The Joneses also wanted to attract families with children so the restaurant began offering children’s meals served in a paper classic car container which comes with candy and a toy.

“That was something I started. I was looking for something to attract more children,” Carol Jones said. “Being ‘50’s themed I thought the cars would fit right in.”

While the restaurant tries to keep the feel of the 1950’s style for the customers the Joneses have updated and expanded much of the original restaurant. The only original piece of equipment in the restaurant is the milkshake maker, according to Carol Jones.
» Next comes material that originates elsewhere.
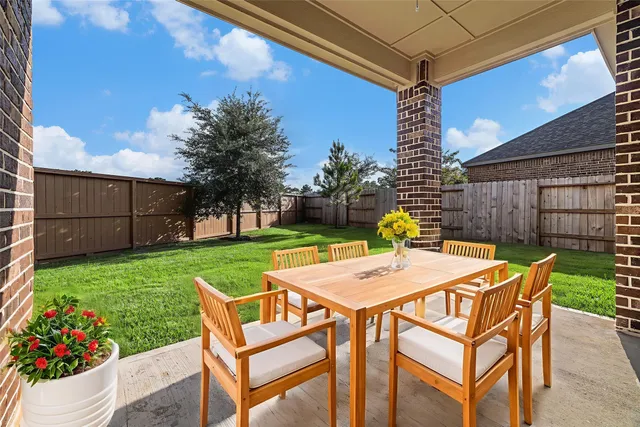a view of a backyard with table and chairs and a barbeque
The shakes themselves are still served in the original canisters they were when the restaurant first opened.

“John has rebuilt the mixer a couple times. That’s the only real tradition we kept on,” Carol Jones said.

Carol and John Jones have owned and run the Prospect Dairy Bar, which opened in 1953, for the past 30 years. –LUKE MARSHALL
Carol and John Jones have owned and run the Prospect Dairy Bar, which opened in 1953, for the past 30 years. –LUKE MARSHALL

The restaurant also has a painting on the wall from a local artist, Edi Harrison, who painted it in the 1950’s. The painting depicts what the town looked like at that time and includes the Town Hall, the Congregational Church, St. Anthony’s Church, a typical looking house from that time and the Visockis’ dairy farm.

Carol Jones feels one thing that has kept the restaurant in business for more than six decades has been the people’s loyalty to their town businesses.

“I think, for one thing, the people in the town kind of like to go to the establishments in town,” Carol Jones said.

Over the years, the Joneses have seen the town grow from about 4,000 residents to over 9,000 people.

“It helps because we have a traffic light out there now. So the traffic light slows traffic down so they can look over and say, ‘Oh, a dairy bar, let’s go see what they have,’” Carol Jones said.

In addition to celebrating 30 years of running the Prospect Dairy Bar the Joneses have something else to be thankful for this year.

“We just paid the last mortgage payment on the Dairy Bar; 30 years and we just made the last payment,” Carol Jones said.

After the Joneses celebrate by taking a vacation somewhere warm they will both return right back to work and don’t show any signs of slowing down any time soon.

“Right now the future is unclear. I can’t picture either one of us being retired. We don’t know what we’d do with ourselves,” Carol Jones said.